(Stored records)
○ ○ ○ ○ ○

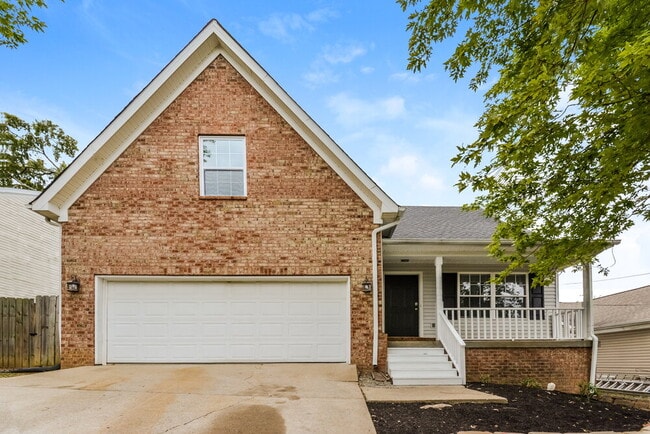 Building Photo - 912 Tom Hailey Blvd Rental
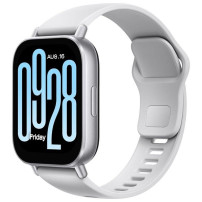XIAOMI REDMI WATCH 5 ACTIVE (MATTE SILVER) (BHR8790GL) - SMARTWATCH XIABHR8790GL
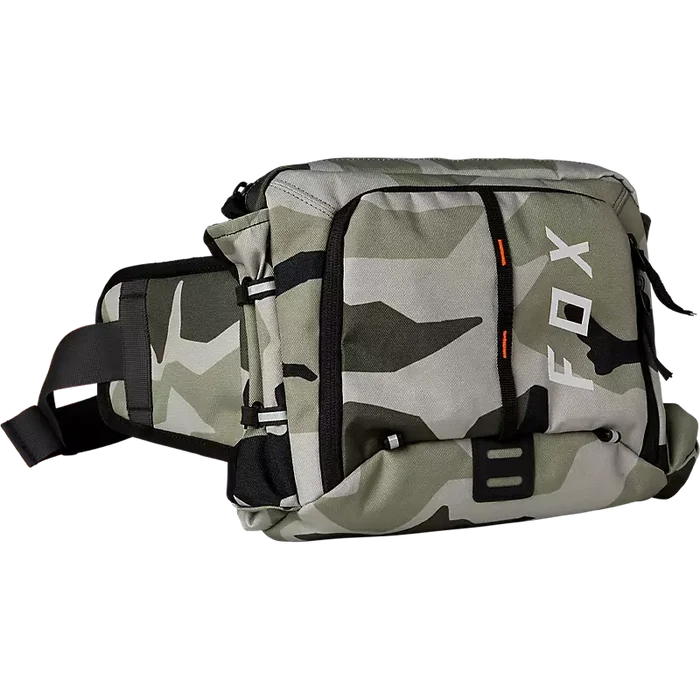 FOX LUMBAR 5 LITER HYDRATION PACK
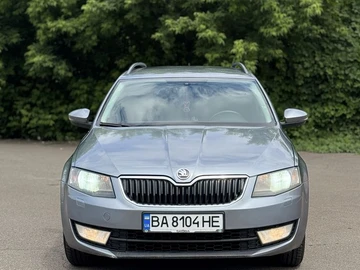 Авто Skoda Octavia 2013 № 8850203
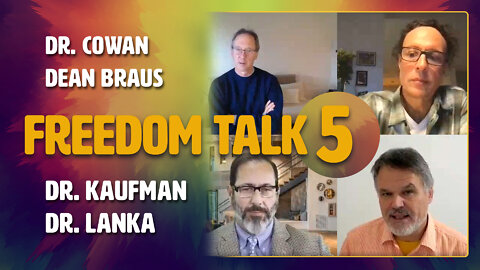 Freedom Talk Part 5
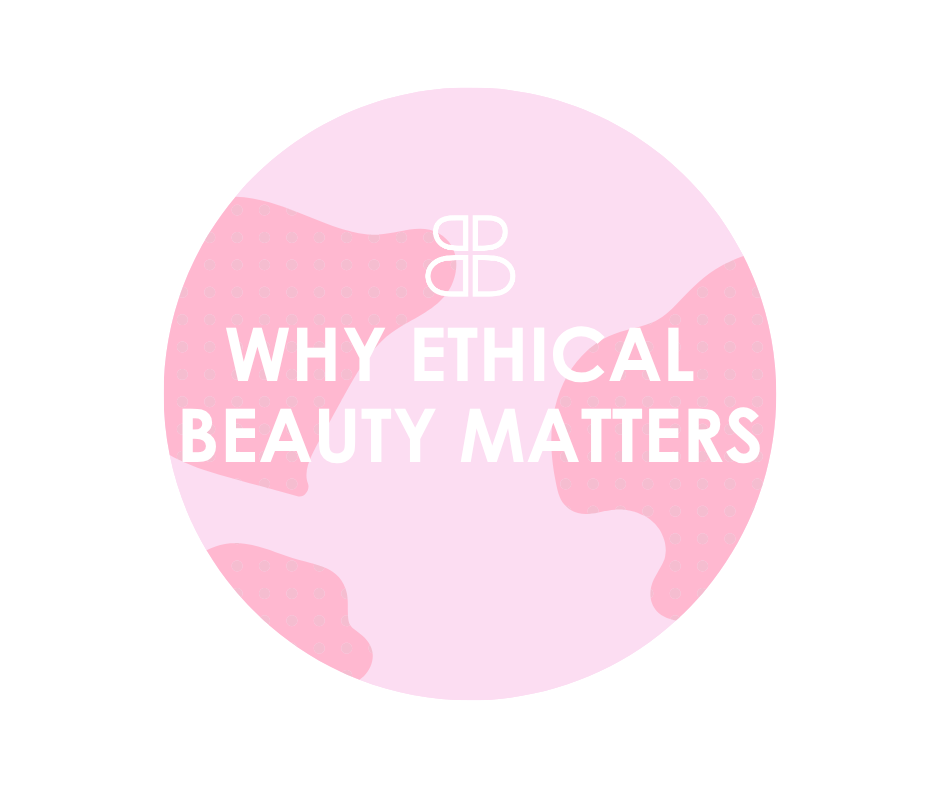 Why Ethical Beauty Matters For Your Business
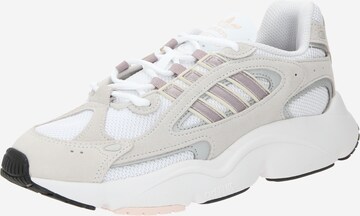 ADIDAS ORIGINALS Sneakers 'OZMILLEN' in Grey: front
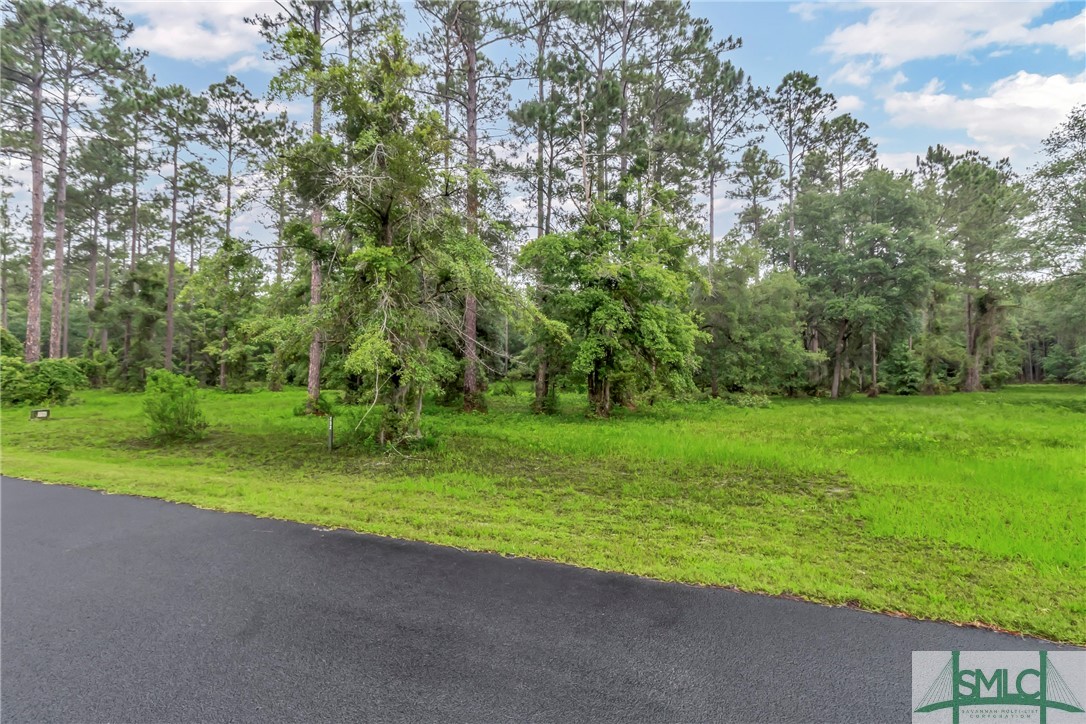 Lot 732 Cooper's Point Drive Ne Property Photo 4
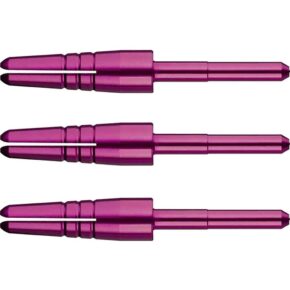 Misaladejuegos Repuesto Caña Mission Alimix Spin Replaceable Tops Morado 3 unid. S0679 - Imagen 3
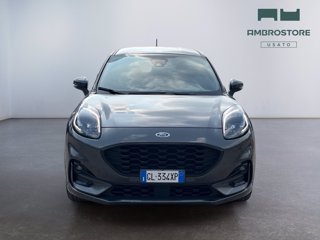 FORD Puma 1.0 ecoboost h st-line design 2 s&s 125cv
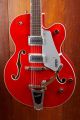 Gretsch G5420T Electromatic Orange Stain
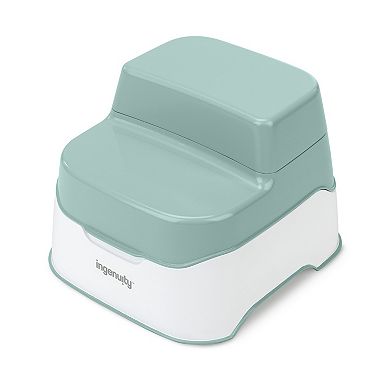 InGenuity Prepare to Potty™ 3-in-1 System Potty Kit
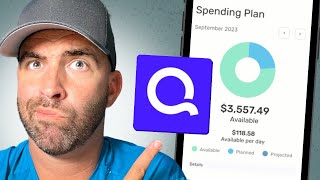 Quicken Simplifi Review 2024  What You MUST KNOW 👀👀👀 [upl. by Aneej]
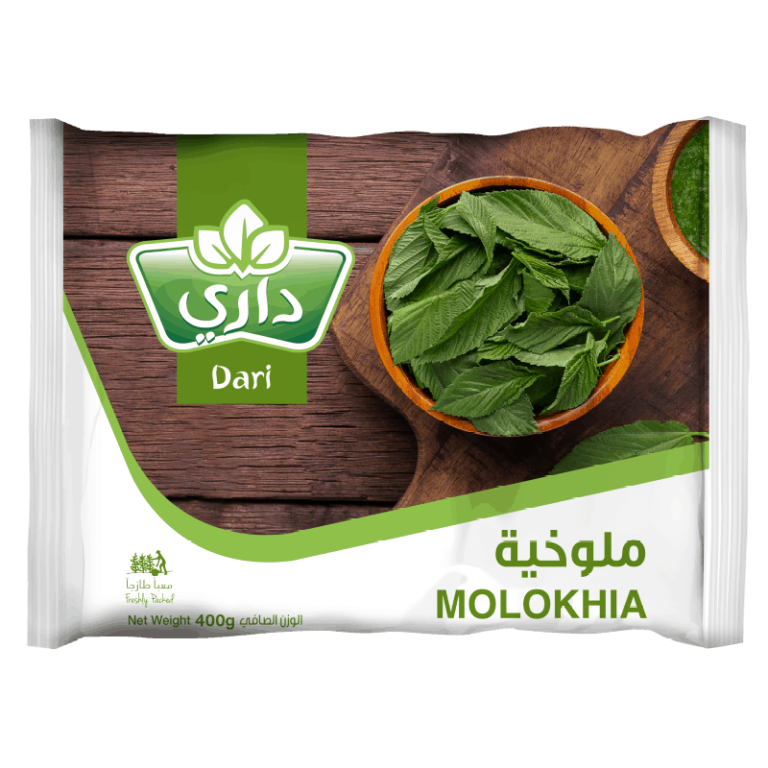 داري ملوخية 400ج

○ ○ ○ ○ ○

**Task requirements**
What you return should be the entries from above, unchanged and without their images.

**Answer section**
 Building Photo - 912 Tom Hailey Blvd Rental
XIAOMI REDMI WATCH 5 ACTIVE (MATTE SILVER) (BHR8790GL) - SMARTWATCH XIABHR8790GL
 FOX LUMBAR 5 LITER HYDRATION PACK
 Авто Skoda Octavia 2013 № 8850203
 Freedom Talk Part 5
 Why Ethical Beauty Matters For Your Business
 ADIDAS ORIGINALS Sneakers 'OZMILLEN' in Grey: front
 Lot 732 Cooper's Point Drive Ne Property Photo 4
 Misaladejuegos Repuesto Caña Mission Alimix Spin Replaceable Tops Morado 3 unid. S0679 - Imagen 3
 FORD Puma 1.0 ecoboost h st-line design 2 s&s 125cv
 Gretsch G5420T Electromatic Orange Stain
 InGenuity Prepare to Potty™ 3-in-1 System Potty Kit
 Quicken Simplifi Review 2024  What You MUST KNOW 👀👀👀 [upl. by Aneej]
 داري ملوخية 400ج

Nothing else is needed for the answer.